Sorry for the delay. We are experienceing power failures at the moment.
Before leaving for Hanoi we spend a little time at the beautiful Hai Van Pass. It is a beautiful drive and at the pass itself there are structures of strategic importance that was left by the Cham people, then the French, and then by the Americans. Prepare to be told how beautiful or handsome you are. The gals with the shops in the pass are real salespeople. You can find a lot more information on the Hai Van pass here.
It is a long way to Hanoi, so we elect to go by air. I have heard there is a nice stretch to see by train, but the time saved by flying fits our schedule. An interesting thing though…. Flying and taking the train is about the same cost. The extra baggage chare was not too big, and sometimes they just let it go, so that worked well also. An hour and a half and we are in Hanoi.

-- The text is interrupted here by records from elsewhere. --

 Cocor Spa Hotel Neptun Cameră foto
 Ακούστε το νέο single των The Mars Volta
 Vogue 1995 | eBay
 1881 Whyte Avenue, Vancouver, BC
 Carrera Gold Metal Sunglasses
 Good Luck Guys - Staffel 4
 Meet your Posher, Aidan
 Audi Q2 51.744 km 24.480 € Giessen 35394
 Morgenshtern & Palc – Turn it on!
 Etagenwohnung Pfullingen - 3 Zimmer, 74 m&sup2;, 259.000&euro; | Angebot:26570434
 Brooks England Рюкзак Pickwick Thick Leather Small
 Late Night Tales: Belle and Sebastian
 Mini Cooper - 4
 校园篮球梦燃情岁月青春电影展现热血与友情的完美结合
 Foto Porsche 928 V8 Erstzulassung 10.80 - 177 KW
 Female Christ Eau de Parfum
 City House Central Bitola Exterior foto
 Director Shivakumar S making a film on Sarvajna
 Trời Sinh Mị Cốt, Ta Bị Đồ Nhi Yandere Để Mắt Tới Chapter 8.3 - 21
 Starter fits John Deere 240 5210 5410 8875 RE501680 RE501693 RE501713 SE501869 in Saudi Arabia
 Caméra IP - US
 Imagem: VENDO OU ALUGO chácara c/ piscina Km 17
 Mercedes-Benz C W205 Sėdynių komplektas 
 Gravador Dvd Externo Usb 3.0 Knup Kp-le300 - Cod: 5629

The main Hanoi sights seem less important in this old French colonial capital than absorbing the atmosphere of a city on the move.
The main attractions are found around the Ho Chi Minh Mausoleum complex which lies some 3km away from the Old Quarter where you’ll probably be staying.
Ho Chi Minh Mausoleum
This cold, grey block of marble is Ho Chi Minh’s final resting place where, in spite of his wishes to be cremated, his body lies in state similar Lenin, Stalin and Mao, other great communist leaders before him.
Presidential Palace & Ho Chi Minh’s Stilt House
Take the path that leads behind the mausoleum and enter grounds where you’ll come to the large, yellow Presidential Palace which was the former home of the Governor General of Indochina.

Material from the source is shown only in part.